Balaju locals file writ against road expansionLocals of Balaju have moved Patan Appellate Court against government’s decision to expand the Balaju-Baisdhara-Bypass road section.
Locals of Balaju have moved Patan Appellate Court against government’s decision to expand the Balaju-Baisdhara-Bypass road section.
According to local Pushkar Koirala, a writ has been filed at the court to issue a mandamus against the Kathmandu Valley Development Authority after repeated protests of residents along the one-kilometre road the road-widening project to no avail.
As the road is being widened to 14 metres, several existing houses face demolition. But locals complain that even houses which lie beyond the 14-metre width are also being bulldozed.
Speaking at a press meet on Friday, Koirala said the KVDA was demolishing structures which are within the mark drawn by KVDA itself. “The government should answer why it is destroying houses that are built as per regulation,” he said.
Project officials, however, maintain that they are only pulling down houses that have been constructed upon the proposed road. Narendra Neupane, a KVDA section officer who looks after the project, said that only structures which lie within seven metres from the centre of the road on either side are being demolished. “The residents on the right side of the road have land ownership certificates but those on the left do not possess the documents. There have been protests, disrupting the road expansion. But these are illegal structures,” Neupane said.
A former deputy commissioner of the KVDA said that the government had already purchased a swathe of land in the area for road expansion during the time of King Birendra. “Locals are protesting in vain for land which has already come under public ownership,” he said. “But it is the responsibility of the Department of Roads and Kathmandu Metropolitan City which allowed houses to be constructed in the area.”
The fate of the road expansion project now hinges on the decision of the Appellate Court. The KVDA has completed more than 60 percent of the works in the Valley since the expansion drive was started in 2011. The authority has so far expanded 200 kilometres of road in Kathmandu, 30km in Lalitpur and 7km in Bhaktapur.

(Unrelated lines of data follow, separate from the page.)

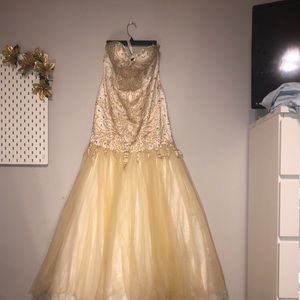 Woman’s Size 3/4 strapless drop-waist dress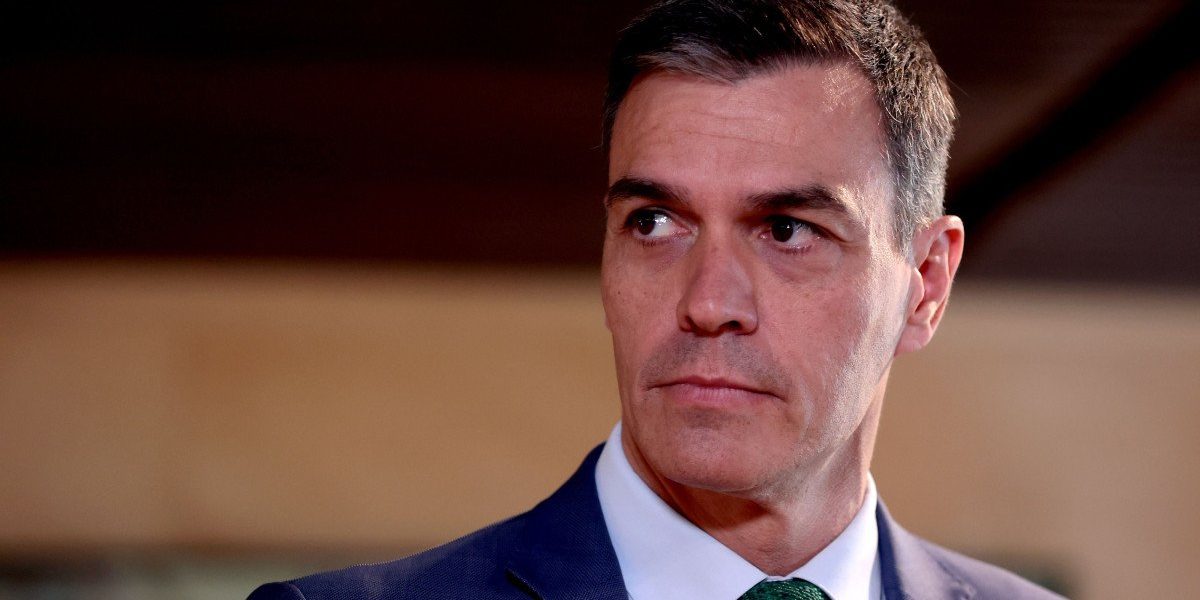 Premierul Pedro Sanchez a anunțat recent lansarea unui nou sistem de analiză al conținutului de pe rețelele sociale, denumit HODIO, destinat să combate răspândirea mesajelor instigatorii la ură și să monitorizeze influența algoritmilor asupra polarizării online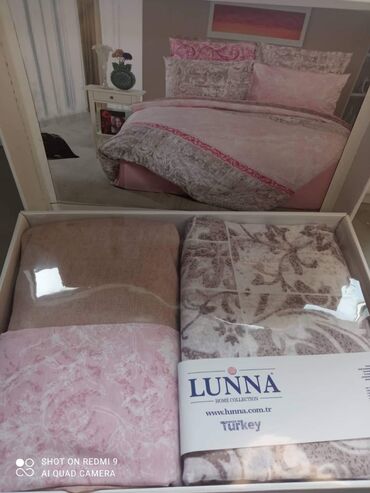 Posteljina: 🥰LUNNA POSTELJINE🥰 Carsaf sa lastisom CENA: 2700 din Pamuk — 3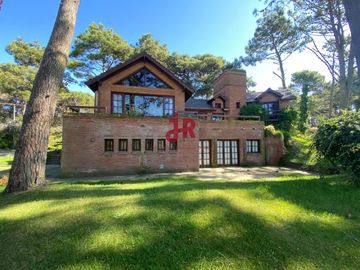 CODIGO 707 - CASA EN ALQUILER TEMPORARIO - ZONA GOLF -  PINAMAR - 4 HABITACIONES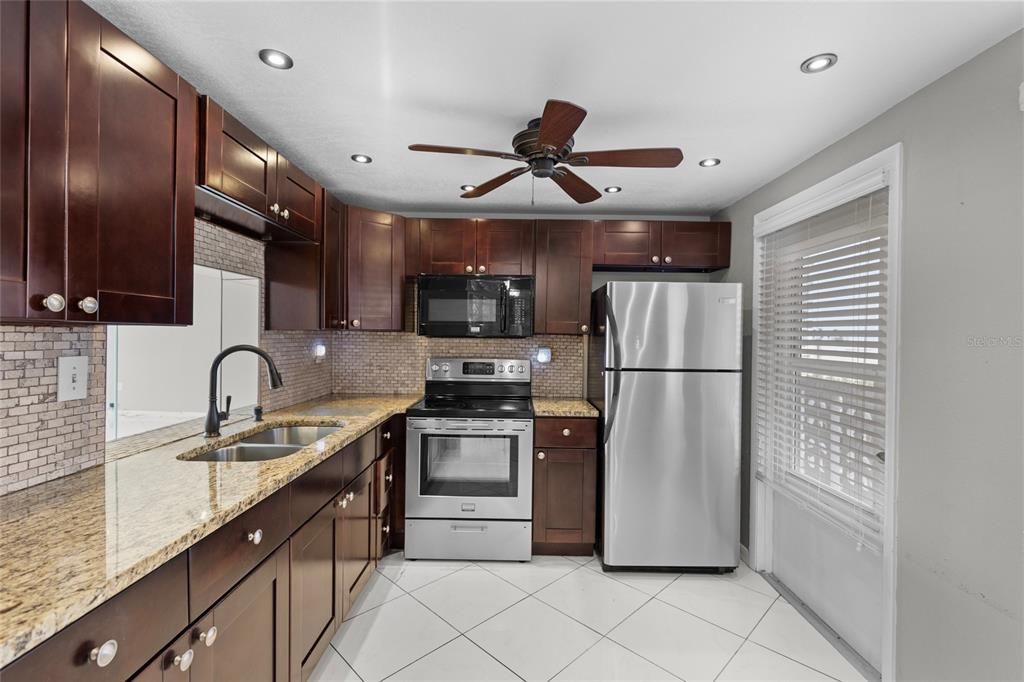 For Rent: $1,900 (1 beds, 1 baths, 749 Square Feet)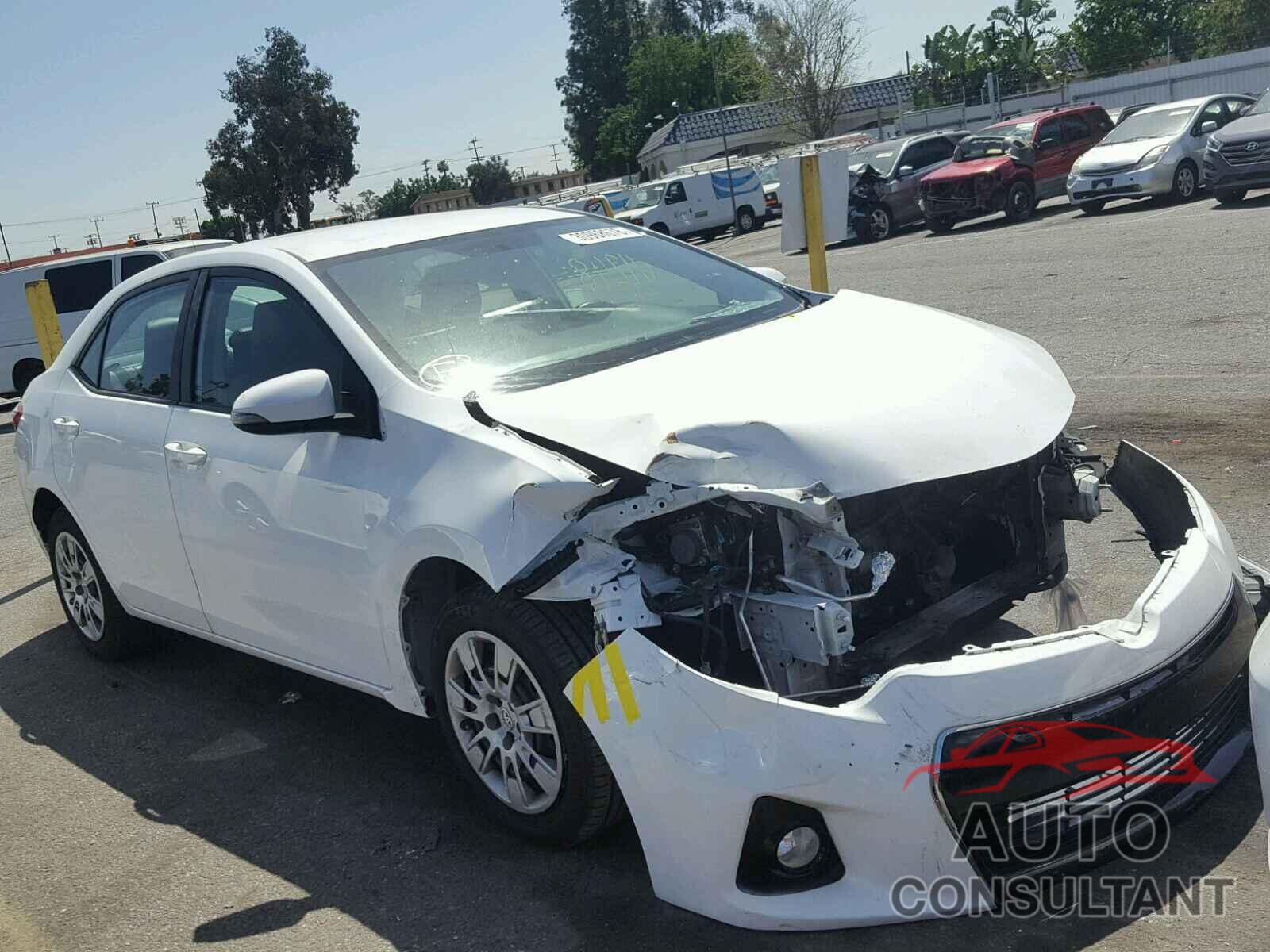 TOYOTA COROLLA 2015 - 5YFBURHE5FP281826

The new guidelines on settlement development, urban planning and building construction brought out after last year’s earthquakes stipulates that roads in new settlements must be at least six-metre wide for owners to get building permits and at least four metre for roads in the existing settlements. But this rule applies only to new buildings in the overpopulated city where the number of houses have reached a saturation point.